The UNIVARIATE Procedure

Example 4.18 Binning a Histogram

This example, which is a continuation of Example 4.14, demonstrates various methods for binning a histogram. This example also illustrates how to save bin percentages in an OUTHISTOGRAM= data set.

The manufacturer from Example 4.14 now wants to enhance the histogram by using the ENDPOINTS= option to change the endpoints of the bins. The following statements create a histogram with bins that have end points 3.425 and 3.6 and width 0.025:

title 'Enhancing a Histogram';
ods graphics off;
ods select HistogramBins MyHist;
proc univariate data=Trans;
   histogram Thick / midpercents name='MyHist'
                     endpoints = 3.425 to 3.6 by .025;
run;

The ODS SELECT statement restricts the output to the HistogramBins table and the MyHist histogram; see the section ODS Table Names. The ENDPOINTS= option specifies the endpoints for the histogram bins. By default, if the ENDPOINTS= option is not specified, the automatic binning algorithm computes values for the midpoints of the bins. The MIDPERCENTS option requests a table of the midpoints of each histogram bin and the percent of the observations that fall in each bin. This table is displayed in Output 4.18.1; the histogram is displayed in Output 4.18.2. The NAME= option specifies a name for the histogram that can be used in the ODS SELECT statement.
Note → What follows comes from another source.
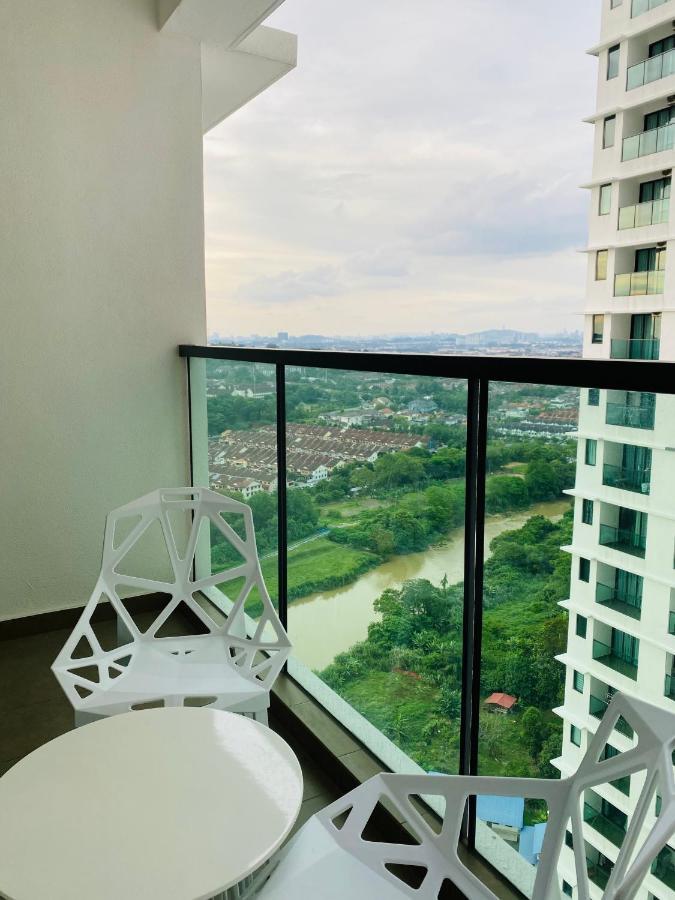 Vista Bangi Soho Ukm, Swimming Pool & River View * Kajang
Output 4.18.1: Table of Bin Percentages Requested with MIDPERCENTS Option

Enhancing a Histogram

The UNIVARIATE Procedure

Histogram Bins for
Thick
Bin
Minimum
Point
Observed
Percent
3.425 8.000
3.450 21.000
3.475 25.000
3.500 29.000
3.525 11.000
3.550 5.000
3.575 1.000


Output 4.18.2: Histogram with ENDPOINTS= Option

Histogram with ENDPOINTS= Option


The MIDPOINTS= option is an alternative to the ENDPOINTS= option for specifying histogram bins. The following statements create a histogram, shown in Output 4.18.3, which is similar to the one in Output 4.18.2:

title 'Enhancing a Histogram';
ods graphics off;
proc univariate data=Trans noprint;
   histogram Thick / midpoints    = 3.4375 to 3.5875 by .025
                     rtinclude
                     outhistogram = OutMdpts;
run;

Output 4.18.3 differs from Output 4.18.2 in two ways:

  • The MIDPOINTS= option specifies the bins for the histogram by specifying the midpoints of the bins instead of specifying the endpoints. Note that the histogram displays midpoints instead of endpoints.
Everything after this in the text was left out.